(Problem statement):
Below are some records. Write out exactly their lines from the one with "Logo Design by" through the one with "Algodón arrollado 1kg - 4 unidades", and leave the pictures behind.

· · · · · · ·

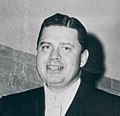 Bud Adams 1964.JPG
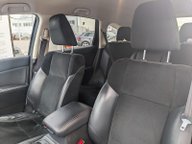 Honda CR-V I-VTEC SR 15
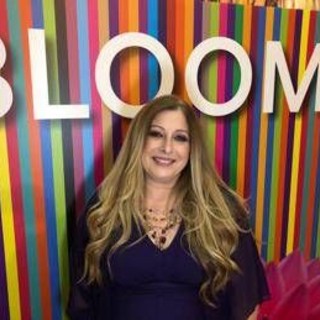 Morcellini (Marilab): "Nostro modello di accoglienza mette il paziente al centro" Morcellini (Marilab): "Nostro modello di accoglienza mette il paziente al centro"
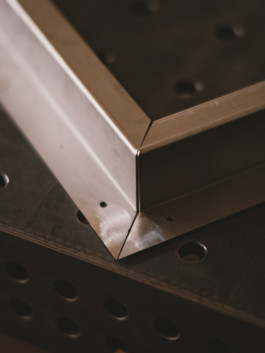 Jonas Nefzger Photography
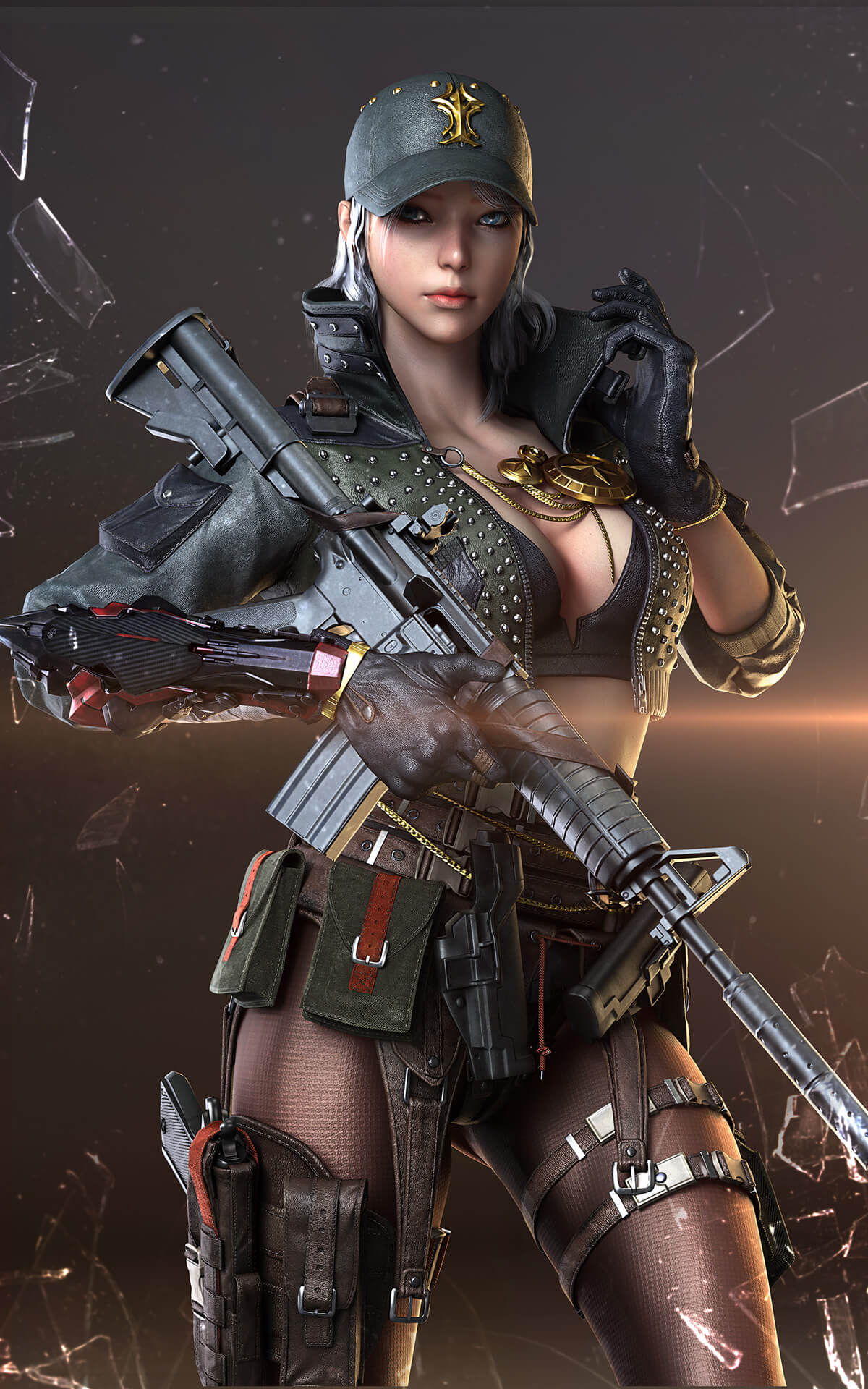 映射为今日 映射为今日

· · · · · · ·

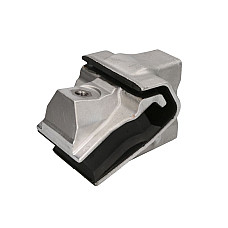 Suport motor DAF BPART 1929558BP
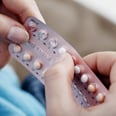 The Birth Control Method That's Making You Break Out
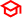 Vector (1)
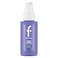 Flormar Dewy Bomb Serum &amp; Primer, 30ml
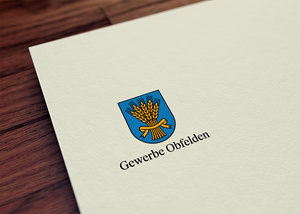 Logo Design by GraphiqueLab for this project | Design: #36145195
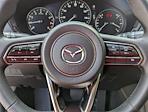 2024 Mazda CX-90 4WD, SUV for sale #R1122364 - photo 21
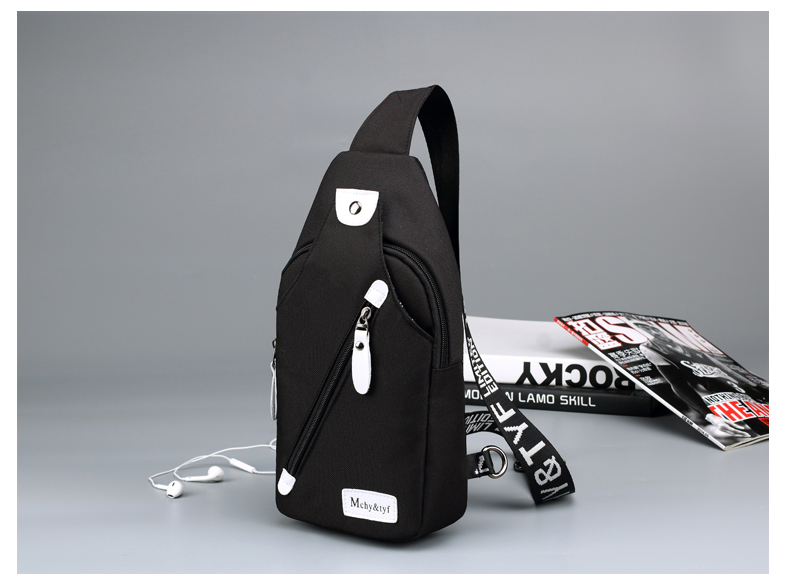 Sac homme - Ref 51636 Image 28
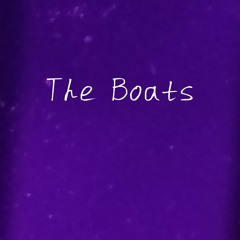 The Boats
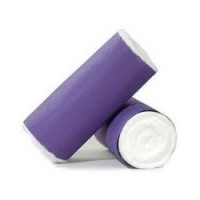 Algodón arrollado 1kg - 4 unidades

· · · · · · ·

(Result of the task):
 Logo Design by GraphiqueLab for this project | Design: #36145195
 2024 Mazda CX-90 4WD, SUV for sale #R1122364 - photo 21
 Sac homme - Ref 51636 Image 28
 The Boats
 Algodón arrollado 1kg - 4 unidades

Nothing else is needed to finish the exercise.